Git with aggressive packing is slightly smaller (11 MB vs 12 MB), but pg-xpatch provides full SQL queryability over the data. Both systems store more than just file content — git stores commit/tree objects, pg-xpatch stores commit hashes, timestamps, messages, and indexes.

Internal delta compression: xpatch's delta engine achieves 42x compression on the content columns alone (296 MB → 7 MB), but the total relation size (12 MB) includes non-delta columns and index overhead.

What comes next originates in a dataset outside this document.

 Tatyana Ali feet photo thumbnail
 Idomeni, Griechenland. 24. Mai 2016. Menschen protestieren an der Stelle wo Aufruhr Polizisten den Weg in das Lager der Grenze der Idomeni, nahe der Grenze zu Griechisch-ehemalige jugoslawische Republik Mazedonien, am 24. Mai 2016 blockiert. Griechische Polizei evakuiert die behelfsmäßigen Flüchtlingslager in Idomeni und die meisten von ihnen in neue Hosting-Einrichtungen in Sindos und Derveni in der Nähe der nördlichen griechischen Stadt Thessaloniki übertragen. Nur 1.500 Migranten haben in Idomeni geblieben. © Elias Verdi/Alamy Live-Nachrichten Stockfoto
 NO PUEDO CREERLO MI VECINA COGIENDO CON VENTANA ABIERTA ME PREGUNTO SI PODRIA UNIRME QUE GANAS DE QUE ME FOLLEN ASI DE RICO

Random access performance (100 random point lookups, warmed cache):

Method Median p95 Max
pg-xpatch 0.20 ms < 1 ms 22 ms
git (git show) 1.32 ms 1.47 ms 1.81 ms

pg-xpatch is ~6.5x faster on median, with 95% of queries under 1 ms. Git has more consistent latency (tight 1-2 ms range), while pg-xpatch has occasional tail latency spikes from cold chain reconstructions.

Insert and engine performance:

The delta engine performs up to 22,000 base comparisons per second (~45μs per comparison). Each insert compares against up to compress_depth previous versions to find the best delta base, so practical insert speed depends on how many comparisons are needed. With group_by, chains are short (avg 13.57 versions here), meaning fewer comparisons per insert and higher row throughput — up to 336 rows/s for this dataset.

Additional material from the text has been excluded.